What makes it unique: “Our concept may be too high on the unique list,” Husmer says. “We show up on the saturated market list of junk removers, but we are also a thrift store company.” Gone For Good is essentially two companies under one name, wholly committed to finding a better way to get rid of people's clutter. Gone For Good takes the adage “one man’s trash is another man’s treasure” to heart, and it has created a system committed to sustainability and environmentally-conscious recycling. “Who would think it is possible to be a junk removal company that takes stuff back to a warehouse and sells it?” Husmer said. “Don’t get me wrong, not all jobs come back to the warehouse. Some jobs are just trash, but mostly it is stuff we can find a second home for.”
Chefs For Seniors
The story: Chefs For Seniors was founded in 2013 by Barrett Allman, an executive chef and restaurant owner with more than 25 years of experience. Allman wanted to use his skill set as a professional chef to make a difference in his community, while giving him flexibility to spend more time with family. While talking to senior customers, he was struck by how many told him they struggled to cook meals for themselves.

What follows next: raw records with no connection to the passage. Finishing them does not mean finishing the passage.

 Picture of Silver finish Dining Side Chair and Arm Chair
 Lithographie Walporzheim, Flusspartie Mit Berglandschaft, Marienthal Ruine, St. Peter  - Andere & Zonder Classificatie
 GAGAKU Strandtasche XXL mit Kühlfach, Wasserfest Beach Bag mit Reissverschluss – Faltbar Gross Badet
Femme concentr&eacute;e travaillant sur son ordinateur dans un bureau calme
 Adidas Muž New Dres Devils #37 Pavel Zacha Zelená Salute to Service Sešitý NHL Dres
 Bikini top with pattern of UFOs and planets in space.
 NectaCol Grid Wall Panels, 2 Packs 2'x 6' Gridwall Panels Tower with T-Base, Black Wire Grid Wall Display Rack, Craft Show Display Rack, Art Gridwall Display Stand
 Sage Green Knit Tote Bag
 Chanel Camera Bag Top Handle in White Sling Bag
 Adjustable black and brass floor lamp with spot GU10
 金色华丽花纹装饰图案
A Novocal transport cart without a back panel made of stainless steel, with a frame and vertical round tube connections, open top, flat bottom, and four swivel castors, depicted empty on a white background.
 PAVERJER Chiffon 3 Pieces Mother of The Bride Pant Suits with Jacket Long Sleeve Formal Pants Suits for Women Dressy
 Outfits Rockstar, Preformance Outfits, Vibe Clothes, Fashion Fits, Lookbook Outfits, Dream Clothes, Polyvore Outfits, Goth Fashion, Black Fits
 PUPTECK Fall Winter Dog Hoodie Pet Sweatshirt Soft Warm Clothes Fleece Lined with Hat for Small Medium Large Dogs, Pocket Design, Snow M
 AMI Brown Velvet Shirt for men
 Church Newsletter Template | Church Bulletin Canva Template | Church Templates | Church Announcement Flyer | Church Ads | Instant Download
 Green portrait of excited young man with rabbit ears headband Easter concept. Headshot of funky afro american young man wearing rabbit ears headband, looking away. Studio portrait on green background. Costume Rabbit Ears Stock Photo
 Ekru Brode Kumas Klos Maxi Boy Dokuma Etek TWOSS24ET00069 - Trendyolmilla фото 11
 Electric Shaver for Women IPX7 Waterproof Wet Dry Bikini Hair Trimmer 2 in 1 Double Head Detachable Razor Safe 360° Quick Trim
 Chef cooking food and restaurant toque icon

He wanted to connect with the people he was cooking for and had the idea for a service that would enable seniors to age in place. For the first year, Allman and his son, Nathan, prepared meals for clients themselves in Madison, Wisconsin, where the company is based. They learned about seniors’ specific needs and fine-tuned the business model using lean startup concepts. Since its inception, Chefs for Seniors has prepared more than 690,000 meals for seniors across the U.S. and currently has more than 65 franchises throughout the country. Although there are plenty of meal services available, Chefs for Seniors takes pride in providing this service to the senior population and prioritizes healthful, nutrient-rich meals that can be customized to a senior’s dietary needs.
What makes it unique: Several key benefits set Chefs For Seniors apart from other business models. For starters, Allman and his son provide comprehensive support on an ongoing basis for all franchise owners, from inquiry to owning and operating the franchise. They also provide owners with a detailed marketing plan to help franchisees get professional referrals and offer turnkey digital advertising solutions through Facebook and Google Ads. The initial investment for launching a Chefs for Seniors franchise is low in comparison to other business models ($10-25,000 in total startup costs), making it a lower risk business than other franchises — especially in the food service industry.